Il semble donc que le premier essai sérieux ait été autour d’un livret de Jean Genet. La figure de l’homme insaisissable, « sans foi ni loi » comme il l’appelait, le fascinait. Ses séjours en prison pour « vagabondage et outrages homosexuels » lui semblaient le gage d’un librettiste qui entrerait dans le monde feutré de l’opéra et le « ferait exploser » pour reprendre sa sentence célèbre – qu’il ne fallait évidemment pas prendre au premier degré. Mais même Boulez finit par se lasser d’une conséquence inéluctable du tempérament de l’écrivain et il me confia cette expression qu’il aimait répéter : « Travailler avec Genet, c’était vouloir tenir du sable dans sa main. Ça finit toujours par vous échapper ».

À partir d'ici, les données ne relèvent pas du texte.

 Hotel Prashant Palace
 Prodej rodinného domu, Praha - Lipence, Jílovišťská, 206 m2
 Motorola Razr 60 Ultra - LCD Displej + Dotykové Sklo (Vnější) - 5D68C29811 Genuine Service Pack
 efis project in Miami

Le projet suivant (également antérieur à mes années d’assistant, mais dont il me parlait d’autant plus volontiers que je commençais en parallèle ma carrière de chef lyrique et mes premiers essais d’opéra) fut Le Chateau de Kafka. L’univers kafkaïen – bureaucratique, absurde, métaphysique – attirait le compositeur par sa résonance avec l’idée de structure ouverte, de tension sans résolution. Mais son problème était – et est resté – l’impossibilité de trouver celui ou celle qui aurait su adapter le roman en un livret dramatique. Ce fut la première fois que je réalisais la grande difficulté de trouver un librettiste aujourd’hui. Et Pierre me dit un jour : « on dira ce qu’on veut des pompiers du XIXe siècle, mais ils avaient de vrais professionnels pour écrire leurs livrets. Cela étant dit, tu ne me feras jamais diriger Gounod ou Massenet ». Tirez le rideau. D’ailleurs quand je venais le voir en lui annonçant triomphalement que je venais d’être engagé pour une Lucia ou un Faust, il répondait invariablement « Ah, ça n’est pas mon répertoire ».

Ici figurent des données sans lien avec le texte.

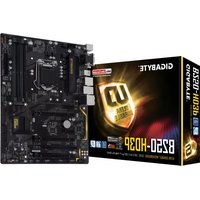 GA-B250-HD3P GIGABYTE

Et puis, bien après mes années à l’EIC, je le rejoignais souvent ici et là, pour plusieurs jours quand il préparait un long ouvrage. Ainsi j’ai vu son amour absolu pour Pelléas, à Cardiff, ou un Wagner à Bayreuth, où j’avais été avec Pappano chef de chant dans mes années Barenboïm. Il était dans son élément, et pendant certaines pauses revenait le thème : où en est l’Opéra ? Le sien, évidemment. Alors un jour il me confia qu’il ne voyait plus qu’une dernière chance : En attendant Godot. « Je ne vois pas une autre pièce qui m’offre le cadre clos, l’attente qui est depuis toujours la tension créatrice, fondatrice de ma musique. Il n’y pas besoin de scènes de chœur, que je n’imagine pas écrire. Ce sera Godot ».
C’est lors d’un diner, en 2005 à Vienne, après une représentation de Tristan au Staatsoper que dirigeait Thielemann, que nous allâmes diner tous les deux avec Hans, son fidèle majordome, et que je remettais le débat sur la table : « Alors, Pierre, cet opéra ? ».

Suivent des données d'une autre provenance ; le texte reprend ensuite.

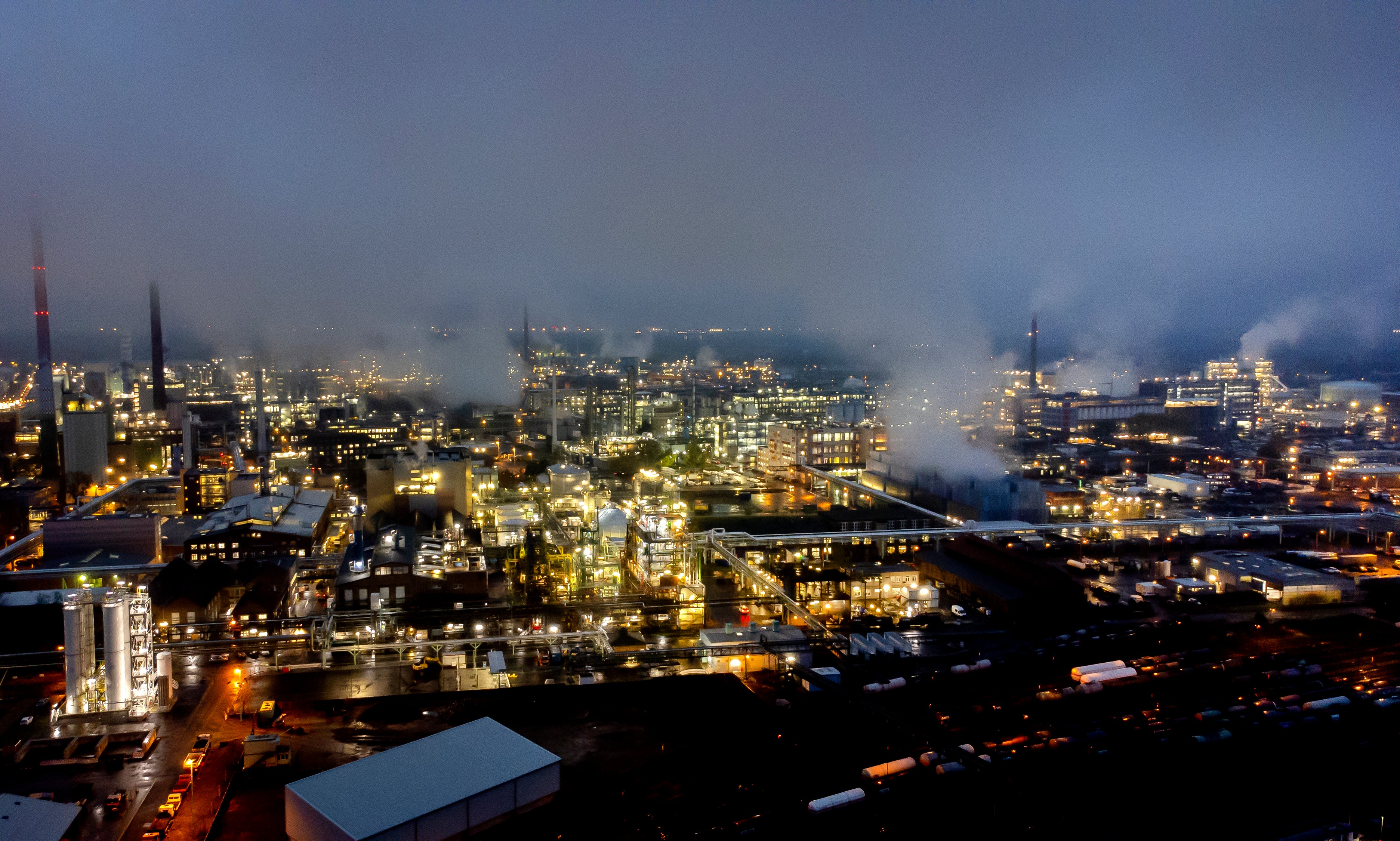 COP27 State of Negotiations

Ici il me faut dire que, toute ma vie, je regretterai de n’avoir pas eu un dictaphone – celui de mon portable par exemple – car ce qu’il m’a répondu était une confession touchante. Je prie le lecteur de me croire.
« Frédéric, cet opéra ne verra certainement jamais le jour pour deux raisons. D’abord, le temps. Je dis toujours que je vais m’arrêter de diriger pendant le temps qu’il faut, mais on n’arrête pas de me proposer des choses que je ne peux pas refuser. Le Wiener Philharmoniker termine l’intégrale Mahler, j’en ai encore pour deux ans. Ensuite, il est question d’une intégrale Bruckner, comment puis-je dire non ? Et d’autres choses à Londres, à New-York. Et puis… Franchement, je ne me vois pas écrire un ouvrage de 2 ou 3 heures avec la complexité d’écriture du Marteau Sans Maître. Il faut que j’écrive plus simple pour un opéra, OR JE NE PEUX PAS ! ».
Quel aveu… Le genre de confidence qui ne sortait jamais d’un cercle privé. Cela me rappelait le jour où Riccardo Muti avait hurlé de rire à table devant mon premier agent (Michel Glotz) et s’était repris en faisant jurer à tous de ne jamais raconter qu’on l’avait vu rire à gorge déployée…
Godot fut programmé par Barenboim pendant les brèves saisons où il avait eu la direction musicale de la Scala de Milan. En octobre 2010 j’allais – proposé par Boulez – diriger un concert Philharmonique à la Scala, avec Hugues Dufourt et Gérard Caussé et nous prenions un verre sur le café terrasse de la Scala, Caussé regardait la saison 2010-11 déjà affichée et nous fait remarquer que le Godot de Boulez était à l’affiche.
J’en ai conclu qu’entre le diner de 2005 et le concert de 2010, Pierre avait dû trouver la solution à ses problèmes d’agenda et de « simplicité »
Mais c’était de toute évidence une fausse alerte. Les années suivantes où j’allais le voir à Baden-Baden, il n’était plus en état d’écrire, sa demi-cécité s’aggravait et lui interdisait de lire ou de composer longtemps. Ainsi donc, comme Mahler qu’il a aimé assez tard, il aura été un compositeur et un chef lyrique possédant les clés, mais n’ayant jamais trouvé la porte qui menait vers le château…
Frédéric Chaslin
PS : Il faut rappeler un fait que peu connaissent (mais qui est documenté dans l’une de ses biographies chez Fayard). C’est que Boulez n’a jamais non plus publié de symphonie, pour une cause qui semble encore plus marquée par le sceau du destin - quand son opéra n’aura pas existé que sous la contrainte de contingences diverses : manque de librettiste, manque de véritable capacité à aborder le genre, de son propre aveu. La symphonie de Boulez a été écrite, vers 22 ans, époque prolixe, et d’après ce qu’il m’a raconté elle était courte, à la manière de Weber, environ une vingtaine de pages en quatre mouvements. Boulez avait pris le train pour Darmstadt et en descendant du train, il s’aperçoit qu’il a oublié sa sacoche. Le train était déjà reparti. Ses tentatives pour joindre la gare suivante n’a abouti à rien : personne n’a retrouvé le précieux document, perdu à jamais. Le commentaire que m’en a fait Pierre est du Boulez grand cru : « c’était pour moi la preuve par l’exemple que la symphonie était un genre définitivement fini ».